Speaker 1: Ladies and gentlemen, the Tiny DevOps Guy.
Jonathan Hall: Hello, everybody. Welcome to another episode of Tiny DevOps where we like to talk about dev and ops on small teams and small companies. I'm your host, Jonathan Hall. Today, we're talking about a topic that should be exciting, I think. We're talking about Kubernetes and how to decide where you as a small team, small company, should host Kubernetes. I have a guest today, Andy Suderman. Did I say that right?
Andy Suderman: Yes.
Jonathan: Great. Thanks, Andy, for coming on. It's great to have you here. Would you do a brief introduction? Tell us what you do, maybe where you work, and maybe why you know something about Kubernetes?

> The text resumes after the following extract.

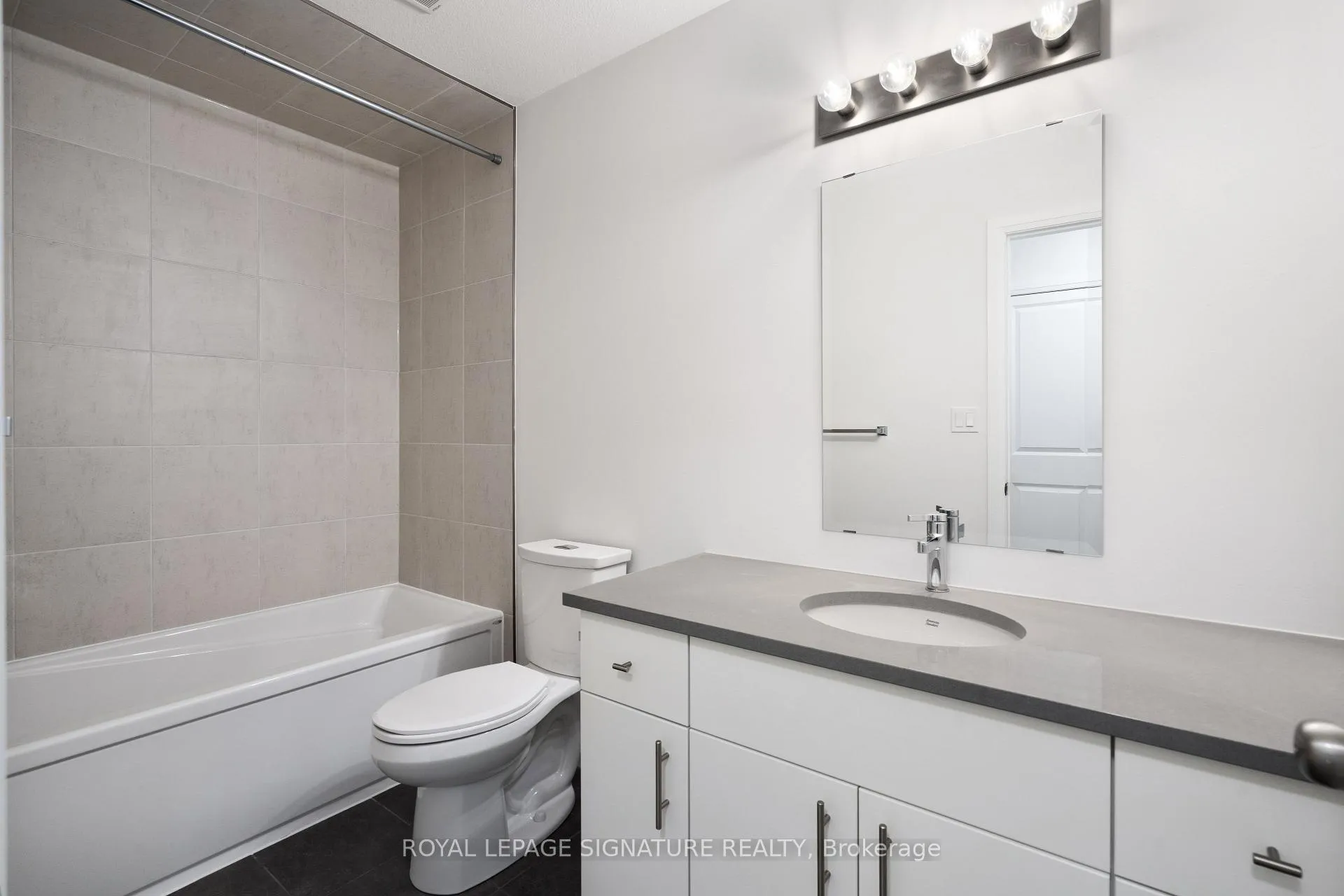 Photo 3 of Unit 56, 56 Thatcher Drive E, Guelph, Kortright East — HOMEH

Andy: Yes, sure. Thanks for having me today. I've been working with Kubernetes for about ﬁve years now, l think. I've lost track about a year ago on exactly how long it's been. I came from a sysadmin background building networks as a kid with my dad. Did a lot of sysadmin work at a company in Denver that did web conferencing software.
Our team got slashed in half and we were forced to reevaluate our priorities, and so I started working in Kubernetes. I got the opportunity for the next year and a half to really just focus on that, build out a production product running in Kubernetes. After that, I left and I came to this company that I work at now called Fairwinds. All we do is Kubernetes all day long. I spent the ﬁrst couple of years working just directly for customers, running their infrastructure in Kubernetes. In the last year or so, I've been taking more of a leadership role as our senior technical resource.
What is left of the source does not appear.